# The all-new mercedes-amg c 63



## WHIZZER (Oct 25, 2005)

New name, new engine, new technology, same purpose - succeeding the most popular AMG model in its history, the new Mercedes-AMG C 63 is set to evolve the formula - with even greater power, performance, agility and focus than ever before









◾Fitted with the all-new and hand built 3,982 cc, biturbo V8 engine
◾New engine, codenamed M177, is more powerful, smaller, lighter and 32 per cent more efficient than the engine it replaces
◾Mercedes-AMG C 63 comes in two guises - as standard with 476 hp reached at 5,500-6,250 rpm and 650 Nm of torque delivered at 1,750-4,500 rpm or, in C 63 S form, developing 510 hp at 5,500-6,250 rpm and 700 Nm of torque at 1,750-4,500 rpm
◾The fastest AMG C-Class variant yet - the C 63 S Saloon accelerates from rest to 62 mph in 4.0 seconds (Estate: 4.1) with each variant limited to a maximum top speed of 155 mph.

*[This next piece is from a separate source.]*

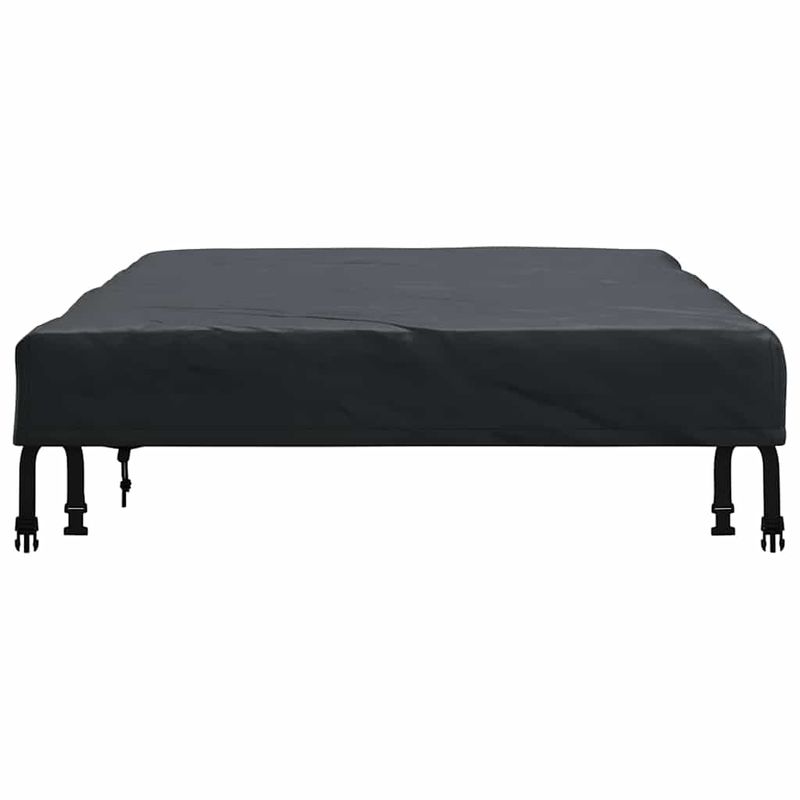 Casa si Gradina - Textile si covoare - Huse pentru mobilier - Husa pentru mobilier de exterior 182 x 102 x 15 cm - Infinity.ro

The Standard C 63 Saloon hits 62 mph in 4.1 secs (Estate: 4.2 secs)
◾The new cars are available to order in the UK next month, the Saloon will arrive first, in early 2015 - the Estate follows a few months later
◾Mercedes-AMG C 63: new name takes its lead from the Mercedes-AMG GT


----------



## S63 (Jan 5, 2007)

must do lottery Friday.....need to drive an AMG again.


----------



## Kerr (Mar 27, 2012)

It does look the part.


----------



## Naddy37 (Oct 27, 2005)

Nice. That could be the bosses next new car. He's due for a change.

I'll drop a few hints to him...


----------



## Nico1970 (May 15, 2014)

Incredible stats! Not only has performance increased but fuel consumption and emissions have decreased.

Great to see that, notwithstanding the reduction in capacity, AMG are still committed to delivering focussed high performance driving machines.

I'll take a C63 S saloon please...:argie:


----------



## Focusaddict (May 31, 2010)

That blue is F***G YUMMY!! Saloon for me too.


----------



## m4rkymark (Aug 17, 2014)

I think it looks very like the CLA, similar body shape, same grille etc.


----------



## chongo (Jun 7, 2014)

I think I will stick with my 09 c63white, but might change my mind when I see one!,,,


----------



## Ross (Apr 25, 2007)

looks brilliant


----------



## Ducky (Mar 19, 2007)

Nice, but I think the older design looked meaner!


----------



## WhiteRoc_170 (Jan 31, 2013)

Brillant looking car. If only I could win the lotto


----------



## chongo (Jun 7, 2014)

Ducky said:


> Nice, but I think the older design looked meaner!


It's a classic now.:driver:


----------



## WP-UK (Apr 24, 2011)

Ducky said:


> Nice, but I think the older design looked meaner!


I agree with you on that.

Still beautiful, would be estate for me, I'm not keen on the rear lights of the saloon.


----------



## 20vKarlos (Aug 8, 2009)

I will show the Mrs this estate in the Morning!!! That is a B-E-A-U-T-Y!!!


----------



## hobbs182 (Jul 10, 2013)

Very nice, although prefer the old rear end


----------



## T.C (Sep 1, 2014)

A friend has just taken delivery of a white amg sport and it looks incredible. As soon as I saw it I thought, if mercedez do a 63 amg version it would be epic! 

And it does. All I need now is for the 6 numbers to come in!


----------



## simonharris (Jul 16, 2014)

The real question is will it sound as good as the exiting model?


----------



## 123quackers (Jan 29, 2009)

Very good looking car plus 4.0 bi turbo but winter coming so the C7 RS6 MTM is tops for me plus 720hp 850nm the Mercedes is still lacking In some areas 

Numbers up RS6 all the way:argie: IMO


----------



## Nicalumisa (May 13, 2014)

That blue estate looks gorgeous !! 

Wonder if it will sound anywhere near as awesome as the old model !


----------



## scoobyboy1 (Aug 28, 2006)

I'll take a saloon in black please!!!:thumb:


----------



## Jurgh (Oct 27, 2014)

Ow the saloon is looking nice! I just did this one last week! Put it in Gyeon Prime and Cure. Love the shine!


----------